TASK DESCRIPTION
Which lines have the string "online"? Copy all of them from the entries below.

[Extracted data entries]

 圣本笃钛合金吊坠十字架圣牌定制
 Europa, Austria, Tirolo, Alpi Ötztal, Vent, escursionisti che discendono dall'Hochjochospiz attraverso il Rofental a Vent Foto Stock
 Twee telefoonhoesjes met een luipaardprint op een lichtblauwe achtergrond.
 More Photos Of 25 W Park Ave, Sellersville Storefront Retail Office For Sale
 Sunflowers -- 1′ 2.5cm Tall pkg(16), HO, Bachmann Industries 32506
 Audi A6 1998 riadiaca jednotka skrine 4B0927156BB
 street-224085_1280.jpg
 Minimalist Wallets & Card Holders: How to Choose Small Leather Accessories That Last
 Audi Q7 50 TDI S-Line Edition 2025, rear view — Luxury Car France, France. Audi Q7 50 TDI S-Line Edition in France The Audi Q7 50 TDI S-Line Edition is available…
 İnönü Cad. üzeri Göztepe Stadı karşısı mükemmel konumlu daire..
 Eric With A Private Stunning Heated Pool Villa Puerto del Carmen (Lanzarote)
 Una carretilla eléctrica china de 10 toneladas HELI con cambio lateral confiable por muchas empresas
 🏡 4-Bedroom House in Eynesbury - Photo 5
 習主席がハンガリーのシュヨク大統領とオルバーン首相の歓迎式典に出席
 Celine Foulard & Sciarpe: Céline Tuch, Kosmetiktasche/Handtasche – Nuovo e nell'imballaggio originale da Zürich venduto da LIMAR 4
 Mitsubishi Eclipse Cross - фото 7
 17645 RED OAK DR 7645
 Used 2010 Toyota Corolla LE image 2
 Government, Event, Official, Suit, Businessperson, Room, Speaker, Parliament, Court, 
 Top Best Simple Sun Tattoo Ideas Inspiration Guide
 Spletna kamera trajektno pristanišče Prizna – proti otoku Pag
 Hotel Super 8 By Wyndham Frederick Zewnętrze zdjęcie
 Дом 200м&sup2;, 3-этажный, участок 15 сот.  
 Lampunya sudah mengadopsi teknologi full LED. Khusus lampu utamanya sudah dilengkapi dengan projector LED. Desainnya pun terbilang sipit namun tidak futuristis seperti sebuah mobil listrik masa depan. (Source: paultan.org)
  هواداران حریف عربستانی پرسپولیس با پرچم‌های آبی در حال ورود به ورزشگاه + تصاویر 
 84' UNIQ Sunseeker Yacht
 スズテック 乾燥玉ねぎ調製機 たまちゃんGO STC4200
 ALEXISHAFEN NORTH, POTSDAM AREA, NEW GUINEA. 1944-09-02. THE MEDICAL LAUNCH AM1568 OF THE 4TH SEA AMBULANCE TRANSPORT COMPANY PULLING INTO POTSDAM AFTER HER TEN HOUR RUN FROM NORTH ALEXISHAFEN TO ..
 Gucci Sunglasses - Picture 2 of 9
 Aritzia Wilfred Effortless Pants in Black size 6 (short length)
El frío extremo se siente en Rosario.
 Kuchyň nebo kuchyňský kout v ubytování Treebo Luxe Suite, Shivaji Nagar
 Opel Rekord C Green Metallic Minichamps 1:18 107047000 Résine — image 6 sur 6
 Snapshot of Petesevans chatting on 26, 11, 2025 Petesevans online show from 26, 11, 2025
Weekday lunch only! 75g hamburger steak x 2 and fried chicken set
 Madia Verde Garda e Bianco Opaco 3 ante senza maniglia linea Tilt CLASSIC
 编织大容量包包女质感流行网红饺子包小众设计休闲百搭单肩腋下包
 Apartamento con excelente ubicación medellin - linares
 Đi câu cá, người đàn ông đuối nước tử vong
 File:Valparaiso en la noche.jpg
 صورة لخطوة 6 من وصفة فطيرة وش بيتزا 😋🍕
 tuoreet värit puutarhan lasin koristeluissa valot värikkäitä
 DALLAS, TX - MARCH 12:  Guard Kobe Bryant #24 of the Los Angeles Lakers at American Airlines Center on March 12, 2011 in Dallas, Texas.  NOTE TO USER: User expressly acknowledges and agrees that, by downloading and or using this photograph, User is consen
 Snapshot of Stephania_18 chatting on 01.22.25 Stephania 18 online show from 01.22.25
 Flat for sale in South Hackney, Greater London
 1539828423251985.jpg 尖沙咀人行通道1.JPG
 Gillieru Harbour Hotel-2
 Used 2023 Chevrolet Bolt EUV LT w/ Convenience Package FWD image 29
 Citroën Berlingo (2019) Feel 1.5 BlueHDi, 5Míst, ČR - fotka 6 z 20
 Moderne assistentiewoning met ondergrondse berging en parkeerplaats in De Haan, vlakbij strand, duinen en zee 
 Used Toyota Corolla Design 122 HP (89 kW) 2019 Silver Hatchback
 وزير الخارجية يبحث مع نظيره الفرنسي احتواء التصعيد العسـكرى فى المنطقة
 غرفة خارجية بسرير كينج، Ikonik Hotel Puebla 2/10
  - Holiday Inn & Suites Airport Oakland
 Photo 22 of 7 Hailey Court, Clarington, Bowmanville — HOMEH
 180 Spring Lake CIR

WRITTEN SOLUTION
 Snapshot of Petesevans chatting on 26, 11, 2025 Petesevans online show from 26, 11, 2025
 Snapshot of Stephania_18 chatting on 01.22.25 Stephania 18 online show from 01.22.25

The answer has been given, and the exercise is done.